On March 1, 2013, I recorded a note my journal:
Love is not rational
Has my reader figured that one out yet?
Love and rationality are like oil and water. They don’t mix.
The two really are polar opposites. Love is an emotion. Rationality is intellect. The mind contemplates and reasons out the emotion, gives the emotion words.
Why do some mothers think their murderous sons are good?
Her motherly love.
Why does God help depraved humanity?
His Godly love.
Why do many people get married?
Love is the force that moves people to act beyond reason. Love risks death to save another. Love risks ridicule to be with the one they love.
Love is not rational.
Yet love makes the world go round. Without love the world would be a pretty cold place.
L O V E
To come to the decision that I am about to share required a lengthy period of intense Bible study, along with an examination of theological perspective. It was a decision months, if not years, in the making and required much prayer. So I want to share some background information.
Back in 2001, maybe 2002, my wife and I were in home Bible studies. We covered many Bible books, and even a few Bible study guides. During that process, what I discovered was that I had no ability to actually read and understand the Bible.
To support my belief structures, I used the information and hermeneutic principles that I had been given. Through intense debates about what the Bible actually meant, I found my own lack of knowledge and Bible skills. Dismayed at myself and the constant issues, and after some encouragement and prayers, my wife and I determined to attend a Bible School overseen by my religious heritage.
The school provided me with a great foundation. The primary tools they gave me were contextual studies, historical and geographic information, along with five semesters of Greek and a semester of Hebrew. There were plenty of other things they taught, but those where the classes that gave me the best for my efforts, and those classes helped guide me during my own private studies which occurred after graduation and during my years of pulpit ministry.
While in school, I experienced a tremendous debate that erupted between two congregations. The argument was completely driven by each congregation’s interpretation of the Bible. One congregation labeled the other as not following Bible doctrine. The situation was quite a mess. But what that mess inspired was a need to pursue why my religious heritage had so many doctrinal disputes.
My own personal experience involved debates about the Bible that revolved around Bible knowledge, or lack thereof, mine and others. My Bible School experienced involved congregational debates about the Bible that revolved around Bible knowledge, or lack thereof, on both sides. I say both sides, because what I found later is that some people and some congregations in my religious heritage have a lack of appreciation for the complexity and depth of the Scriptures.
The absolute worst way to interpret the Bible and derive doctrine is picking and choosing verses that contain similar words. Throughout history, that type of hermeneutic is practiced over and again, amongst many various denominations, non-denominations, and Community Bible churches. From my experience, that method conjoined with a lack of historical and literary contexts, along with other items that directly affect context, drive most debates and divisions amongst Christians.

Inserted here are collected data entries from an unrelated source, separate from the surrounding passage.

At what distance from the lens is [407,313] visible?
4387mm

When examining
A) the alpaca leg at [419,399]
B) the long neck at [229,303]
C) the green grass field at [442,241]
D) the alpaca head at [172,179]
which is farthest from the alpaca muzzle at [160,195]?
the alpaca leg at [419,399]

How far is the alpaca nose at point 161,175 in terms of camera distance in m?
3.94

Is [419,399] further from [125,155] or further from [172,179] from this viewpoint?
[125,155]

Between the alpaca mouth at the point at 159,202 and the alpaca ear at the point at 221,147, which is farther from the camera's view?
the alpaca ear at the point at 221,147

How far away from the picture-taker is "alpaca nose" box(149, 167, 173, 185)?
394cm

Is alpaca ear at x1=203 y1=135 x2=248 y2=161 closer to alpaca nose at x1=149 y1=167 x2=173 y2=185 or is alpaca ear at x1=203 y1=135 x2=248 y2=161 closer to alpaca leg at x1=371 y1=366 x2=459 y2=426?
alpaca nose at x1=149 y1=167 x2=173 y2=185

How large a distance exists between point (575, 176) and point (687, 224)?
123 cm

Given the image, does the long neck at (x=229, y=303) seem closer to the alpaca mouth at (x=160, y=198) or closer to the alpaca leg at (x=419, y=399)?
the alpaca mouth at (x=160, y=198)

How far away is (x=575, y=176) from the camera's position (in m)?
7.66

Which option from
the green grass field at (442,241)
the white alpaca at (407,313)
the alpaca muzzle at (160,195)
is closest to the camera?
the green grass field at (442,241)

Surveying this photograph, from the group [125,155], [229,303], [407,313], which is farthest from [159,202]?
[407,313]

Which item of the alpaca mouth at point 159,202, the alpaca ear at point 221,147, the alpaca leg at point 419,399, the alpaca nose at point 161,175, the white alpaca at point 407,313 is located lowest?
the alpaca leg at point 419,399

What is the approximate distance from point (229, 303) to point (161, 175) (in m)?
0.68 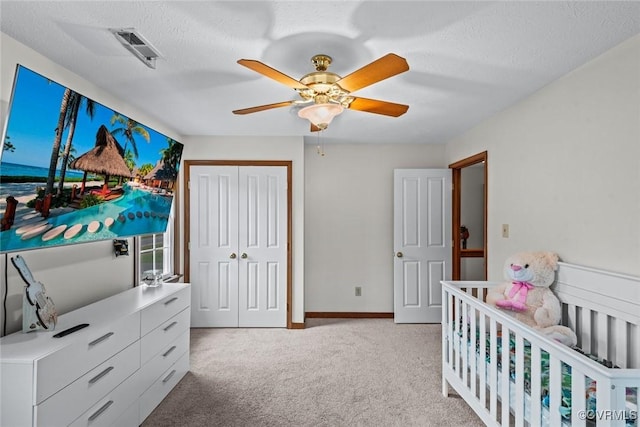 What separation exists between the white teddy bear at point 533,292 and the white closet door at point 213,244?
8.81 ft

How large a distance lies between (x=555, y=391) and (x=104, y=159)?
2.54 metres

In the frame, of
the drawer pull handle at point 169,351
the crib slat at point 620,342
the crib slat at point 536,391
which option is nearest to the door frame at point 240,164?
the drawer pull handle at point 169,351

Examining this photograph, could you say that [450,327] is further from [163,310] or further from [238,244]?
[238,244]

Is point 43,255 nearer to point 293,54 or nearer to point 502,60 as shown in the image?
point 293,54

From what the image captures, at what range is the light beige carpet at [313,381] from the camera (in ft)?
6.84

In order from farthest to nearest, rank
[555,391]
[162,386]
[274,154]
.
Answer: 1. [274,154]
2. [162,386]
3. [555,391]

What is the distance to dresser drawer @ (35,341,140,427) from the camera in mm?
1351

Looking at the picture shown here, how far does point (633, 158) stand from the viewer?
5.35ft

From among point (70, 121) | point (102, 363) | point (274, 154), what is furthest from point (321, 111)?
point (274, 154)

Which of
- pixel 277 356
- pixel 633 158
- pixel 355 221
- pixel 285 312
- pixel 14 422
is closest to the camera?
pixel 14 422

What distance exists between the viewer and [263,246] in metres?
3.71

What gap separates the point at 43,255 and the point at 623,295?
3.11 meters

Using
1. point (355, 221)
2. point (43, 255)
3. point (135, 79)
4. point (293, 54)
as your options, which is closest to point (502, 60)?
point (293, 54)

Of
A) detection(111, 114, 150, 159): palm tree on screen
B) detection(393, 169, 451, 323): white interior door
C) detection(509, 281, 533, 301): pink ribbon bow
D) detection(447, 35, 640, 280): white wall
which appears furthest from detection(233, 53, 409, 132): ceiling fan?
detection(393, 169, 451, 323): white interior door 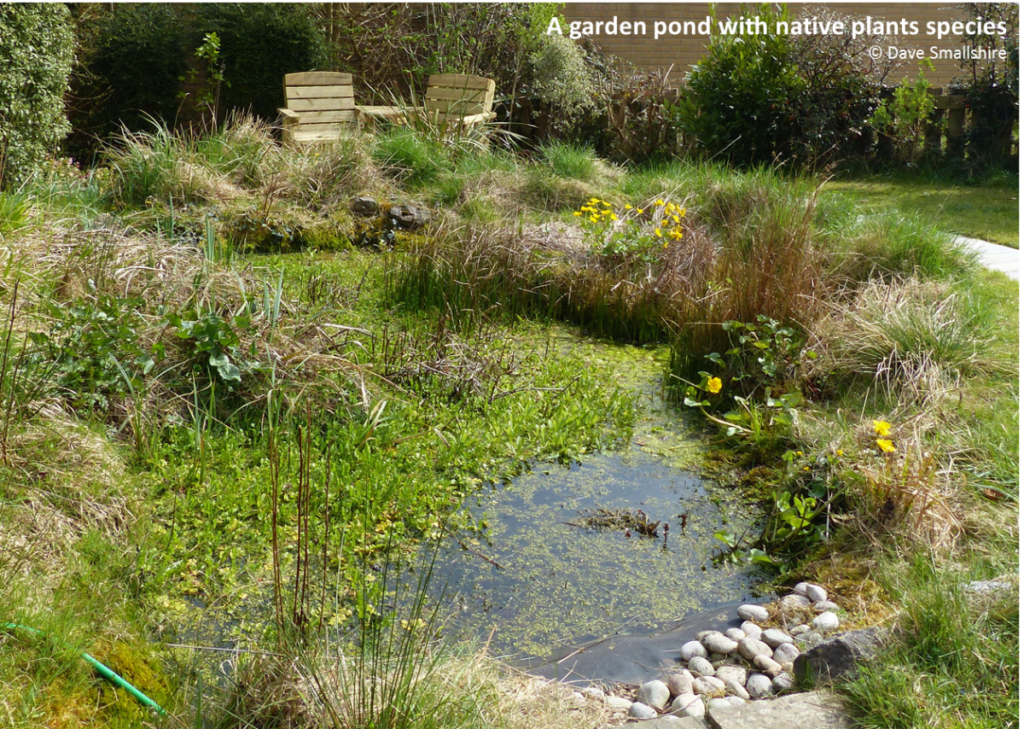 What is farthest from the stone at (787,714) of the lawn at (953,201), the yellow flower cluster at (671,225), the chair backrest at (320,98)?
the chair backrest at (320,98)

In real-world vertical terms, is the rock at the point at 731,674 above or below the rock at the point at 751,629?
below

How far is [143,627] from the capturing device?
2.31m

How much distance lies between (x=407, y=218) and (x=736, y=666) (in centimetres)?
446

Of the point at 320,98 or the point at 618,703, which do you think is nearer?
the point at 618,703

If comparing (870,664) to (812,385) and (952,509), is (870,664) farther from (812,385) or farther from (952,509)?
(812,385)

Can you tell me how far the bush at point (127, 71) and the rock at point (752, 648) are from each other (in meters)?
8.16

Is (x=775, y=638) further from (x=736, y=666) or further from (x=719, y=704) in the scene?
(x=719, y=704)

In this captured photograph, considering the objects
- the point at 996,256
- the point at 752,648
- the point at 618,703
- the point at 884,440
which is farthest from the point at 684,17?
the point at 618,703

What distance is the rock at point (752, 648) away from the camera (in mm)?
2408

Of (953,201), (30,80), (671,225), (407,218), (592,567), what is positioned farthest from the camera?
(953,201)

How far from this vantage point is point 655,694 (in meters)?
2.25

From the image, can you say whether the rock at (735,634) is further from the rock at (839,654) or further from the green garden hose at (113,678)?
the green garden hose at (113,678)

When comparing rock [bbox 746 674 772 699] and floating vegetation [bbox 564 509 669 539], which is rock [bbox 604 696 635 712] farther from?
floating vegetation [bbox 564 509 669 539]

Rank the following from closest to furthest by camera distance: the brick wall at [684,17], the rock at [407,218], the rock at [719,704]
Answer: the rock at [719,704] < the rock at [407,218] < the brick wall at [684,17] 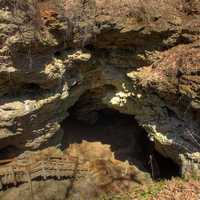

So as I was learning to incorporate contextual studies into my Bible Study regimen it affected my presentation of the text, formally (sermon) and informally (class). That information affected my answers to questions, and the guidance I gave during my tenure in pulpit ministry. To put it succinctly, many of the doctrinal dogmas I had been given, I could no longer support and refused to support in the manner in which my religious heritage typically would.
The doctrinal confrontation between me and my religious heritage did not end with me stepping down from the pulpit. In some ways, the confrontation grew more intense, where several of my religious heritage did as the previous 50 to 75 years of history within my heritage did. It was not of any real surprise.
I had published much information about my thoughts. I had written many articles and even focused on specific issues. I had written about theology and why theological perspectives matter. I had written about Bible interpretation, especially how the OT is utilized.
However, on March 12, 2013 I had reached my end, and published the following on Facebook:
ok. serious time. i have been educated. i am officially a heretic and hell bound if i do not repent. so, i make my declaration official: i am no longer part of the church of christ, and nothing that anyone says can persuade me to return. liberty in christ means just that, freedom to draw conclusions about doctrine that vary from the dogma of the pulpit. with that in mind, consider me lost, i might resurface sometime before i die, but i doubt it. if you are a church of christ person, feel free to unfriend; but if you don’t[,] be fully aware that hanging out with me is damnation. I hear a song… ‘my friends are going to be there too.’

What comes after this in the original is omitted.